What is being asked →
Go through the listing below and repeat it exactly, omitting each picture.

Dataset content →

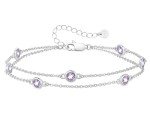 Louisa Secret 925 Silver Birthstone Charm Bracelet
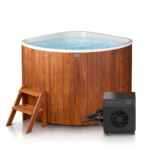 Scandinavian Corner Cold Plunge With Cold Water Generator - Image 3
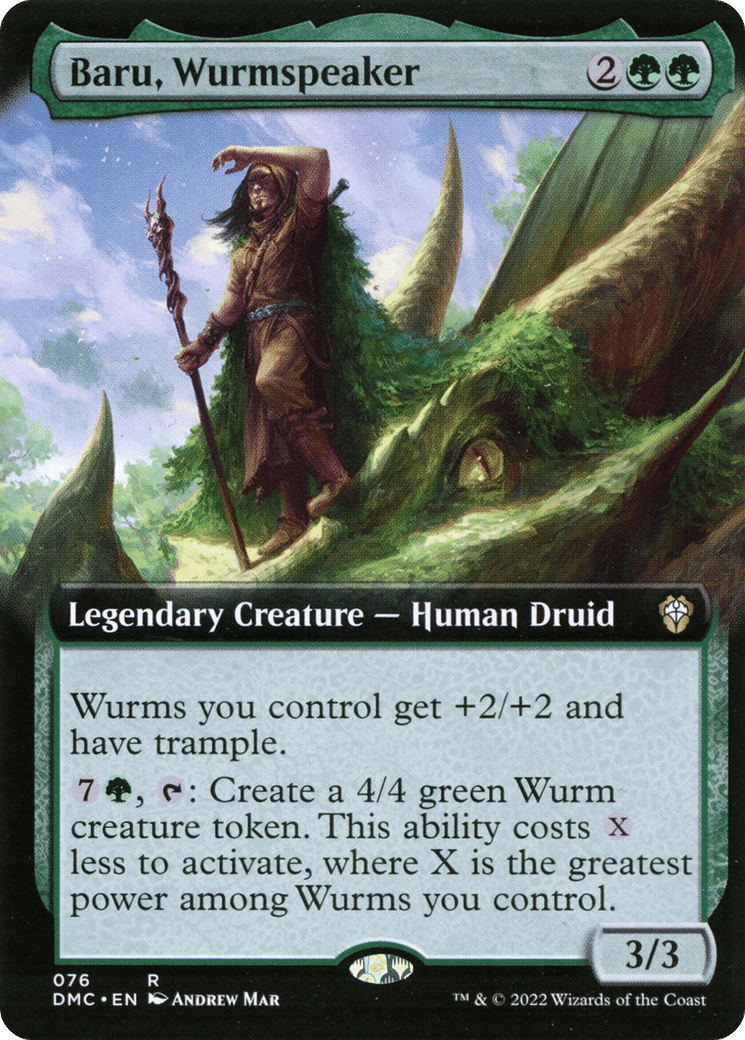 Baru, Wurmspeaker — Dominaria United Commander — Magic: The Gathering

Response area →
 Louisa Secret 925 Silver Birthstone Charm Bracelet
 Scandinavian Corner Cold Plunge With Cold Water Generator - Image 3
 Baru, Wurmspeaker — Dominaria United Commander — Magic: The Gathering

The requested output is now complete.